Two Roles of Religion

Let me begin with one of my favorite passages from the brilliant philosopher Ken Wilber:

. . . Religion itself has always performed two very important, but very different functions. One, it acts as a way of creating meaning for the separate self: it offers myths and stories and tales and narratives and rituals that, taken together, help the separate self make sense of, and endure, the slings and arrows of outrageous fortune. This function of religion does not usually or necessarily change the level of consciousness in a person; it does not deliver radical transformation. Nor does it deliver a shattering liberation from the separate self altogether. Rather, it consoles the self, fortifies the self, defends the self, promotes the self. As long as the separate self believes the myths, performs the rituals, mouths the prayers, or embraces the dogma, then the self, it is fervently believed, will be “saved”—either now in the glory of being God-saved or Goddess-favored, or in an afterlife that ensures eternal wonderment.

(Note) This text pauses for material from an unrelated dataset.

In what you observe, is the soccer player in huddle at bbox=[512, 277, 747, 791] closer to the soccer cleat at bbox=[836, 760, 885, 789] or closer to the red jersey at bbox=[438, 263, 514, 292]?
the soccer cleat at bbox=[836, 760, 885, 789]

But two, religion has also served—in a usually very, very small minority—the function of radical transformation and liberation. This function of religion does not fortify the separate self, but utterly shatters it—not consolation but devastation, not entrenchment but emptiness, not complacency but explosion, not comfort but revolution—in short, not a conventional bolstering of consciousness but a radical transmutation and transformation at the deepest seat of consciousness itself. [1]

This second function is the ultimate goal of all mature spirituality. This is the contemplative dimension of religion. As Thomas Keating says, “The primary purpose of religion is to help us move beyond the separate-self sense to union with God.” [2]

In the weeks ahead, we will focus on the transformational level of the Abrahamic religions where God is central and the goal is to be transformed into God’s likeness, rather than what I would call the transactional level where our ego or false self is central and we are trying to control God.

 

[1] Ken Wilber, One Taste: Daily Reflections on Integral Spirituality (Shambhala Publications, Inc.: 2000), 25-26.

[2] Thomas Keating and Joseph Boyle with Lucette Verboven, World Without End (Bloomsbury Continuum: 2017), 24.